The laser labs (there were a bunch of them) all had really funny signs on the doors. These were a few of my favorite, although the best was definitely a sign that said "This lab free of laser-related deaths for ___ days." I think there were something like 25 scratches in the blank space. Good job, BYU physics!


As our last step on the tour, we visited the reverberation chamber--it was exactly the opposite of the anechoic chamber; a clap sounded like a gunshot. Part of the physics of the reverberation involved these curved plastic plates suspended from the ceiling in apparently random patterns.
So now I have wandered in the HFAC and taken a whirlwind tour of the ESC. What other secrets does the campus of BYU hold?

Monday, October 4, 2010

My Gracenotes

Saving grace. That grace which lifts up a poor, broken, downtrodden soul, a soul burdened by sin and by guilt, a soul that at some times desires nothing more but the end of existence, of feeling, of conscious thought, a soul that desires the mountains to fall upon him to hide his crimes from God… the grace which lifts up this soul, comforts him, heals him, nourishes him, succors him, plants in him seeds of an unshakeable, unquenchable faith, gives him joy where once was pain, gives him hope where once there was despair, which makes him into more than the fallen, lost being he was, which makes him into a Man, which makes him into a Saint, which makes him into a Son of the Living God. That is saving grace.

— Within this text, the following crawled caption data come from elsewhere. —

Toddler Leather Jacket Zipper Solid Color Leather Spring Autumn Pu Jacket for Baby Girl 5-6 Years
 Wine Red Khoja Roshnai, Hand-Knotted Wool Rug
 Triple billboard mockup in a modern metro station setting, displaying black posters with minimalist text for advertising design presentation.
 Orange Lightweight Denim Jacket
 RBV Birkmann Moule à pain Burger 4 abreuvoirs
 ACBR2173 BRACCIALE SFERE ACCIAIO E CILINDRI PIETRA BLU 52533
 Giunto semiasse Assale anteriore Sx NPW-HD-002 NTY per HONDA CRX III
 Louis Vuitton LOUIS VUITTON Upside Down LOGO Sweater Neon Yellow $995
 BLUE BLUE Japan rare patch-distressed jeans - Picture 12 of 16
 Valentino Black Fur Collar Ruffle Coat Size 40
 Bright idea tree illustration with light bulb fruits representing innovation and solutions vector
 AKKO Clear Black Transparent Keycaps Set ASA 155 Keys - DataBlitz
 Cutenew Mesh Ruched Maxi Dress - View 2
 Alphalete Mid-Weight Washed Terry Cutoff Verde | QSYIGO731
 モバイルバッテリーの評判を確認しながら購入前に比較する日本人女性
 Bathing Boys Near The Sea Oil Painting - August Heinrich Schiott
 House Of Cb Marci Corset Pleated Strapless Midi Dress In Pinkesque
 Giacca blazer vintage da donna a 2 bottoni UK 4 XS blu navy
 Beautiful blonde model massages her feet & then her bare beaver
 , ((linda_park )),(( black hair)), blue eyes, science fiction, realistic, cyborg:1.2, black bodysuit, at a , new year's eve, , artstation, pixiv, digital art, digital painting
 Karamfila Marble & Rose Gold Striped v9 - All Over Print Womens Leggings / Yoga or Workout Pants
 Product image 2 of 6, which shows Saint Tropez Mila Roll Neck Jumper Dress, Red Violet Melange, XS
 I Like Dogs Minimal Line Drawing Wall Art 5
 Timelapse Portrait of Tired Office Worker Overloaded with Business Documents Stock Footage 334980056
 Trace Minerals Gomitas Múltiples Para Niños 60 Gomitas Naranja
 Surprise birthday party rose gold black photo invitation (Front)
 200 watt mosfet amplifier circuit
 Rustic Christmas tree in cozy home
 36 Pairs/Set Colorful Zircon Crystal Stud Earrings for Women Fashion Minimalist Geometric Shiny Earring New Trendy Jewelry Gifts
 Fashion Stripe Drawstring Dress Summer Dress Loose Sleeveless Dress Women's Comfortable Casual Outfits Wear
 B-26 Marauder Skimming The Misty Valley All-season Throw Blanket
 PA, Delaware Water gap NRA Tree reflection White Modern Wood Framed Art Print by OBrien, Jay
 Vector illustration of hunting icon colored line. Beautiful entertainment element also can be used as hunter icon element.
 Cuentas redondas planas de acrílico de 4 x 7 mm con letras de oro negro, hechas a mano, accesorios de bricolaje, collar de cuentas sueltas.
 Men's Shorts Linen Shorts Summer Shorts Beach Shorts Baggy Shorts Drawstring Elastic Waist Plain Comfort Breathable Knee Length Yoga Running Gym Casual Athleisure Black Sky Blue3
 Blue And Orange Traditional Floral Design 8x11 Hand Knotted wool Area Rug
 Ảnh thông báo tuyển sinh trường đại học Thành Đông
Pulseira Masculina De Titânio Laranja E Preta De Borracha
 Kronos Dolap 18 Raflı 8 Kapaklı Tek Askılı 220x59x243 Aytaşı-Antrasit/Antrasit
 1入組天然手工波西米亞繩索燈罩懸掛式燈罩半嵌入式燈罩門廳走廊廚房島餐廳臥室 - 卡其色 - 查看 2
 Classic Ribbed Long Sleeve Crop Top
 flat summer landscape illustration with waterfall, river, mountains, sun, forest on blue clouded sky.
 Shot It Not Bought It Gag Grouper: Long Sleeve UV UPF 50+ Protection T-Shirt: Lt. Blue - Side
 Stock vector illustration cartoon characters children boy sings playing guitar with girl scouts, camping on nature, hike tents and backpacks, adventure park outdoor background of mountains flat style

I walk along a sidewalk, glistening from a recent rain, and enjoy the beauty of the world around me. The trees sway slightly in the breeze, nodding to the rhythm of a song that I cannot hear. Birds chirp in the trees, joy made music, calling to one another and perhaps just to me. In the distance I see a mother and her child, walking up to their front door; the child reaches for his mother’s hand, instinctively, a motion he has made thousands of times before. The sun, temporarily hidden behind a cloud, bursts forth in light and glory and wonder, and I cannot help the smile that comes to my lips, the feeling of joy sharp as a knife, gentle as a cloud, and bright as the son whose light I live in.




Special thanks to Brian Doyle, who wrote an essay entitled “Gracenotes;” little anecdotes, observations, biographies and thoughts related to grace. The idea for this essay was that it could be pulled from his (much longer) essay.

Also, special thanks to Alma the Younger, who gives me a fantastic example of what saving grace is, and of living by grace.